Activity — Output, exactly and in full, only the lines from the one containing "বাড়ির ছাদে পদ্ম ফুল" to the last line of the data. Pictures should not appear.

Dataset excerpts:
|---|
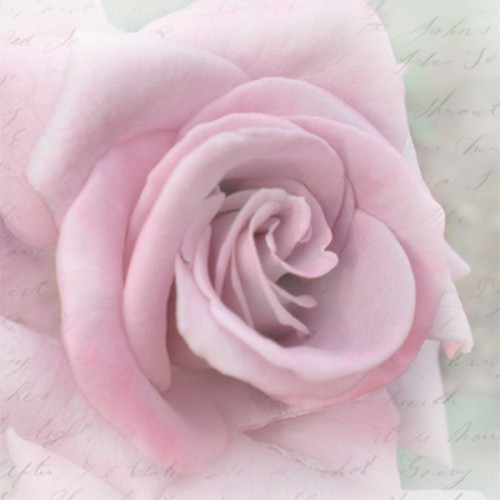 Șervețel Decoupage - Rose letter - 33x33 cm 1 Șervețel Decoupage - Rose letter - 33x33 cm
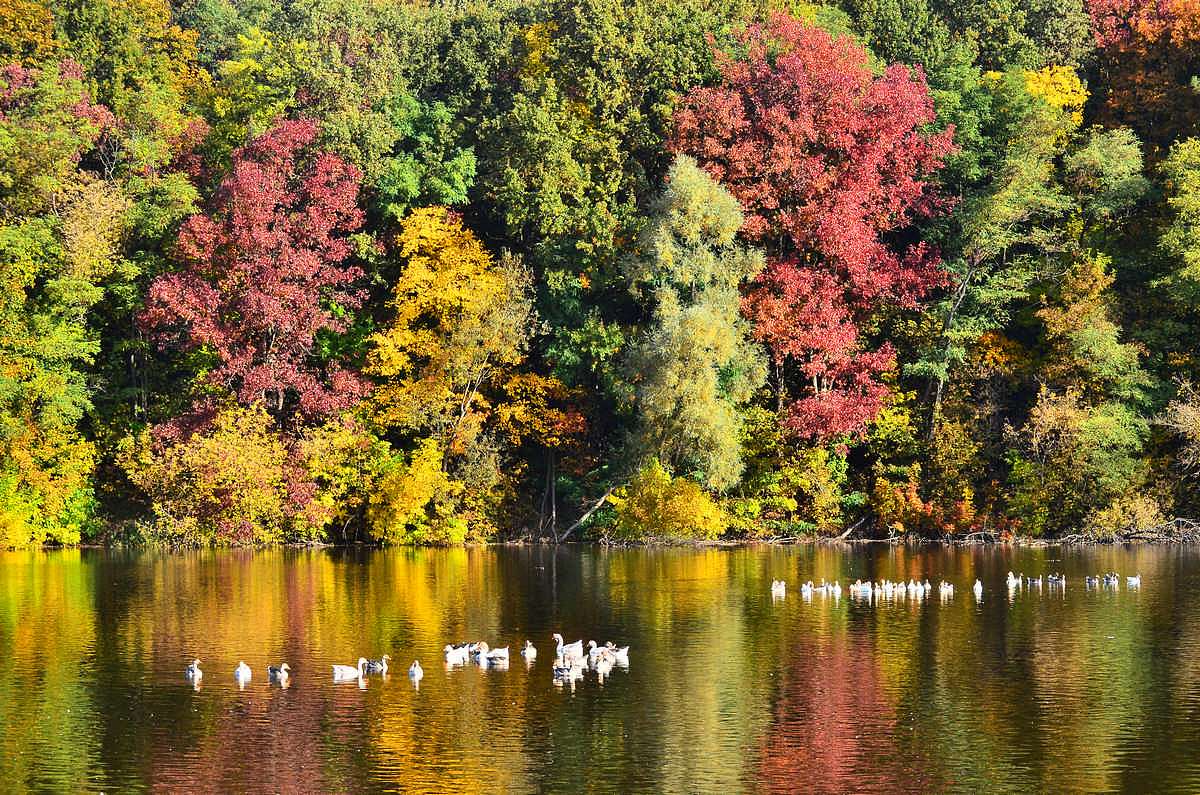 Барви осені - Іваниця
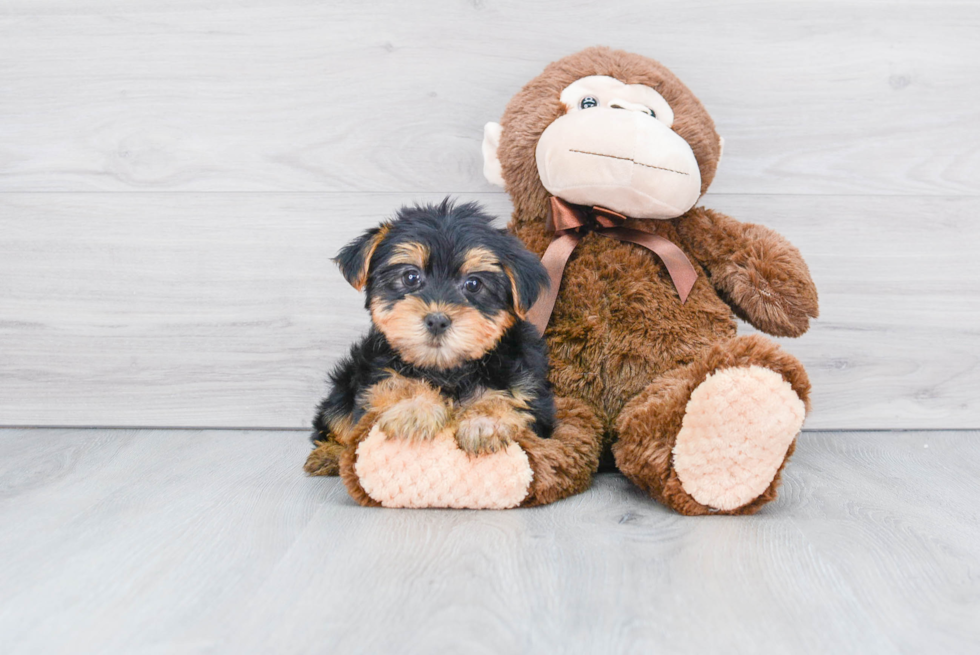 Meet Izzie - our Yorkshire Terrier Puppy Photo 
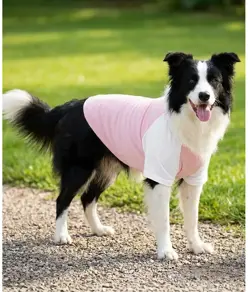 T-shirt per cani con maniche raglan Portman & Pooch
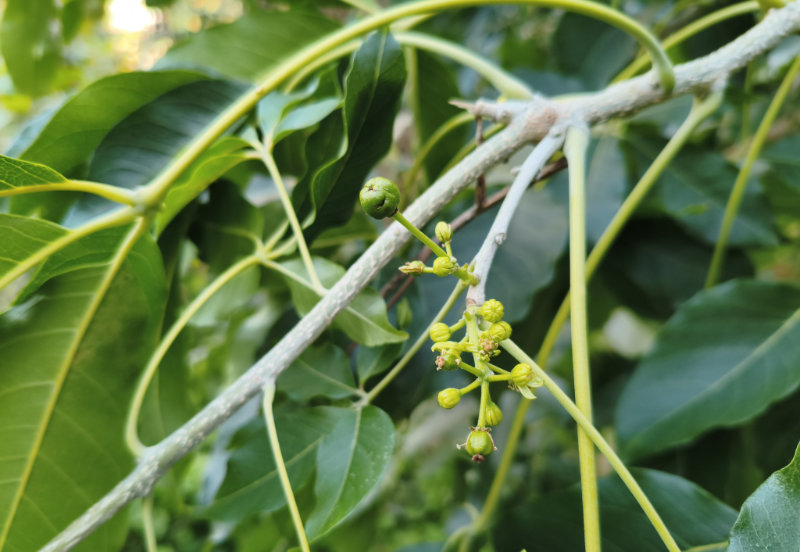 Le jardin de Claude à Menton
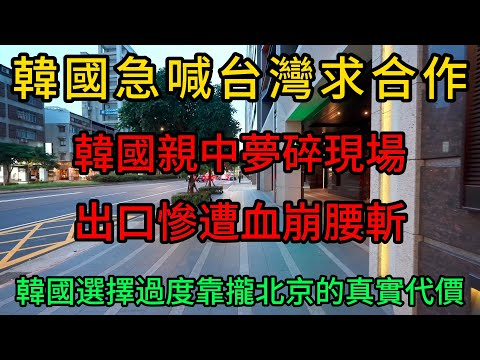 韓國急喊台灣求合作!韓國親中夢碎現場,出口慘遭血崩腰斬。韓國選擇過度靠攏北京的真實代價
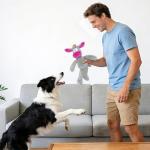Squeaky Plush Dog Toys for Chewing Fun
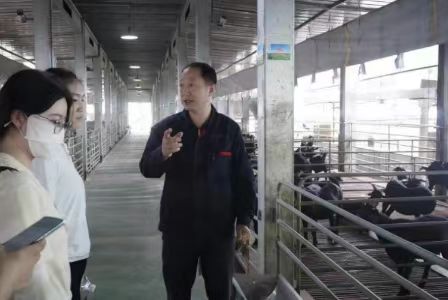 ؔ����(sh��)�`����Fɽ��ֱ�������a(ch��n)�I(y��)���d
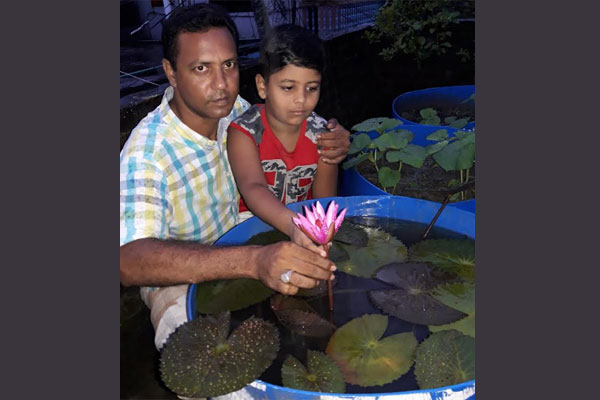 বাড়ির ছাদে পদ্ম ফুল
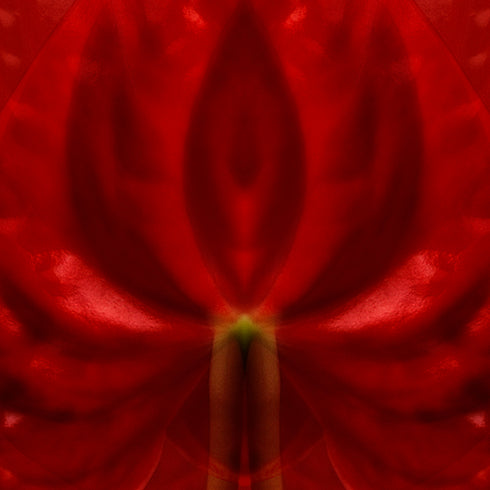 Red Anthurium - Signed Edition Art Print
|---|
Your solution —
 বাড়ির ছাদে পদ্ম ফুল
 Red Anthurium - Signed Edition Art Print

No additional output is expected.